Bloemen heb ik nog nooit gegeten, toch niet dat ik weet. Kappertjes en artisjokken niet meegerekend, dat zijn knoppen.
Op Njam TV is een programma met Gert De Mangeleer en die chef gebruikt nogal wat bloemetjes is de afwerking. Hij staat buiten te koken, op de achtergrond ligt de moestuin. Tegen het einde van de bereiding brengt de tuinman Bart Praet de vers geplukte garnituur, de bloemekes.
Die Twee met hun Bloemekes, noemt LM het programma. De Hofleverancier, heet het. Alle groenten en bloemen komen recht uit den hof. Vandaar.
“Pure ingrediënten gecombineerd met zuivere eenvoud is zijn handelsmerk”
De Mangeleer werkt af door omstandig te garnieren met kleine bloemetjes, tot er bijna een bruidssluier over de teloor ligt. Zuivere eenvoud? Gefrutsel en gefriemel! Misschien kan dat in een professionele keuken, met verwarmde borden op een verwarmd aanrecht en onder een infraroodlamp, maar buiten in de open lucht? Dat eten wordt koud. Oké, ’t is TV. We worden niet verondersteld dat bord leeg te eten.
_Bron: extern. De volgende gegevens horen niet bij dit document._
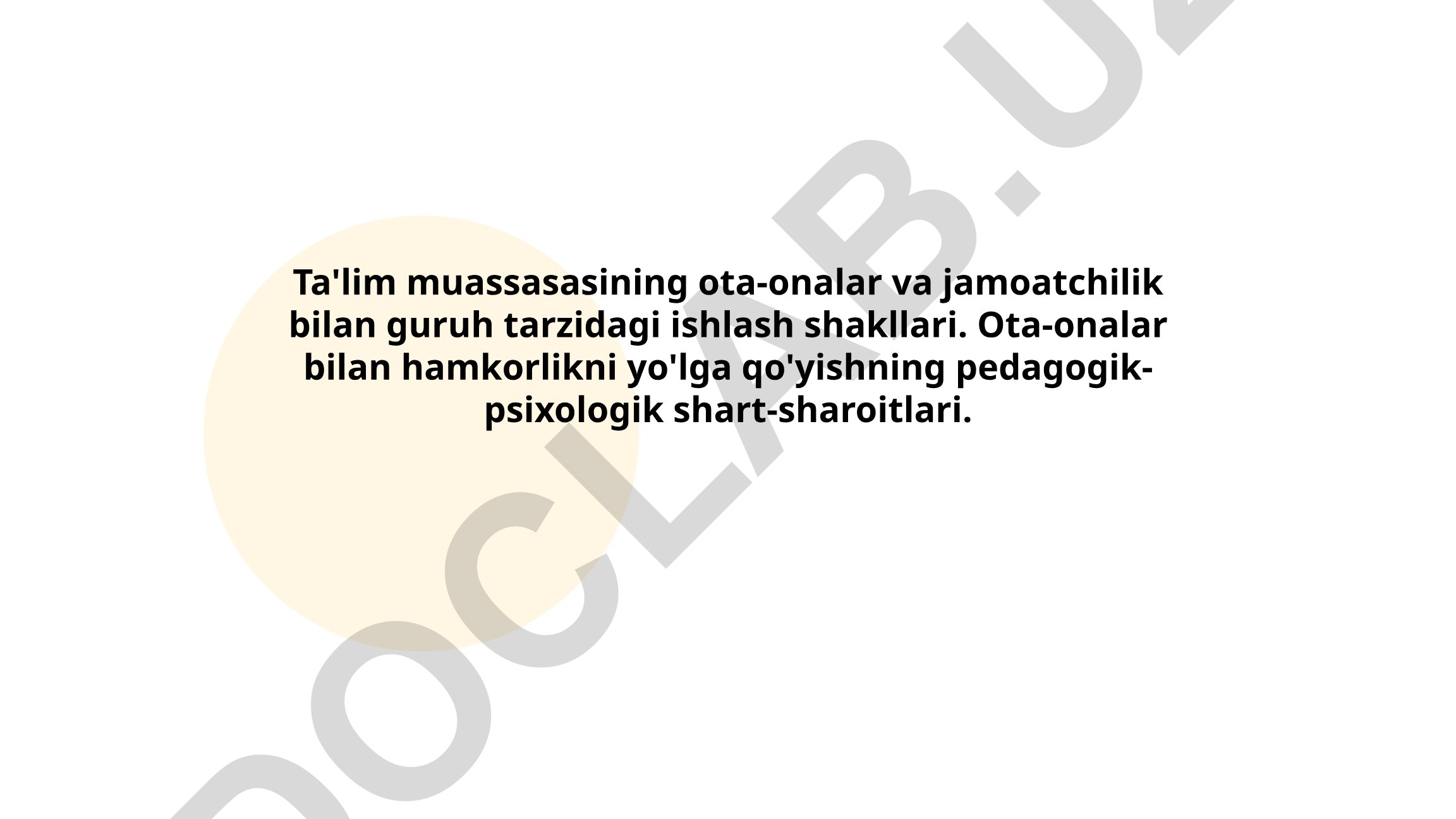 Ta'lim muassasasida ota-onalar va jamoatchilik bilan guruh ishlash shakllari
Wij hebben een gewone keuken. Borden warmen doen we ongeveer elke avond, maar we hebben geen verwarmd aanrecht en geen infraroodlamp zoals een professionele keuken. Ik weet zeker dat als ik die tijdrovende garneringen thuis zou proberen, het eten van de gasten zou koud zijn omdat ik met bloemekes heb staan friemelen.
Eigenlijk zegt het me niet veel, bloemen op het bord. ‘k Heb er ook nog niks over opgezocht. Welke kunnen en welke niet? Waar moet men op letten? Mag men bloemen wassen en zwieren? Want pierekes en mierekes serveren, dat vind ik maar niks.
Nee, bloemen op het bord, ‘k zou niet weten hoe ik er moet aan beginnen. Of hoe ik LM zou enthousiast krijgen om er van te proeven.